Problem description: Only the lines in the entries below from the line with "NYX Professional Makeup" to the line with "deedee good vibes", both included, belong in the answer, transcribed exactly and without pictures.

Task data:
------------------------------------------------------------------------
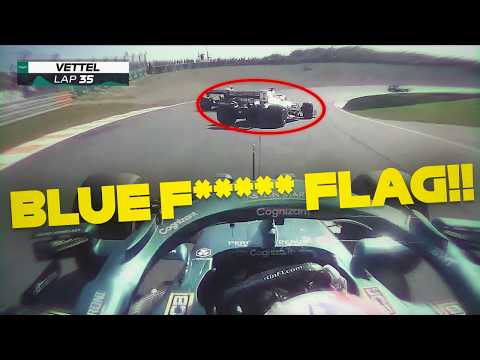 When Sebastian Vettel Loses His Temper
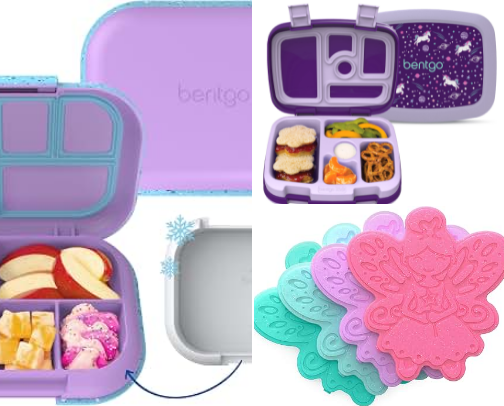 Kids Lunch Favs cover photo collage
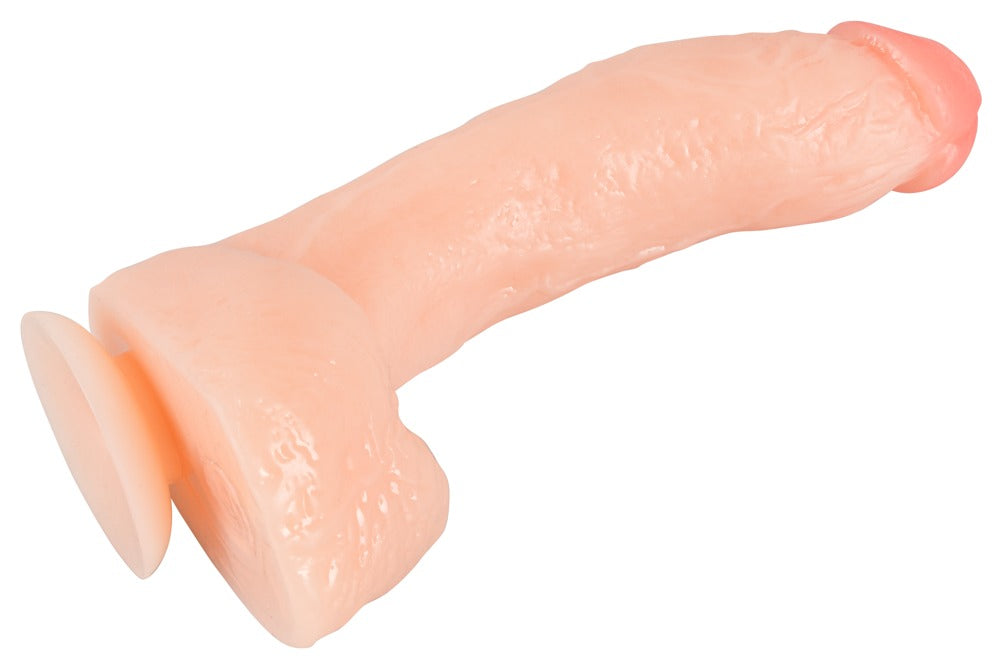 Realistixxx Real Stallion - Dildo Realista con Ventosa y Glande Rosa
------------------------------------------------------------------------
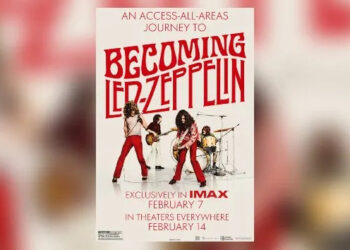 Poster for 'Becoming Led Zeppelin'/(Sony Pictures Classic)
------------------------------------------------------------------------
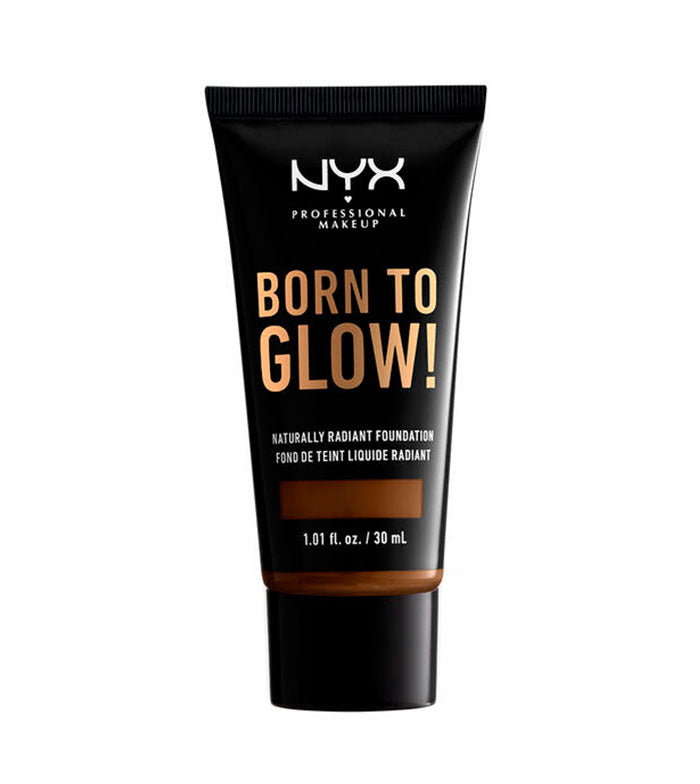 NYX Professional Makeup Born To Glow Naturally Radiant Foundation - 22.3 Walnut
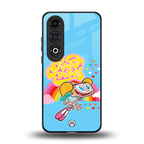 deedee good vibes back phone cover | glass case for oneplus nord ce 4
------------------------------------------------------------------------
Task answer:
 NYX Professional Makeup Born To Glow Naturally Radiant Foundation - 22.3 Walnut
 deedee good vibes back phone cover | glass case for oneplus nord ce 4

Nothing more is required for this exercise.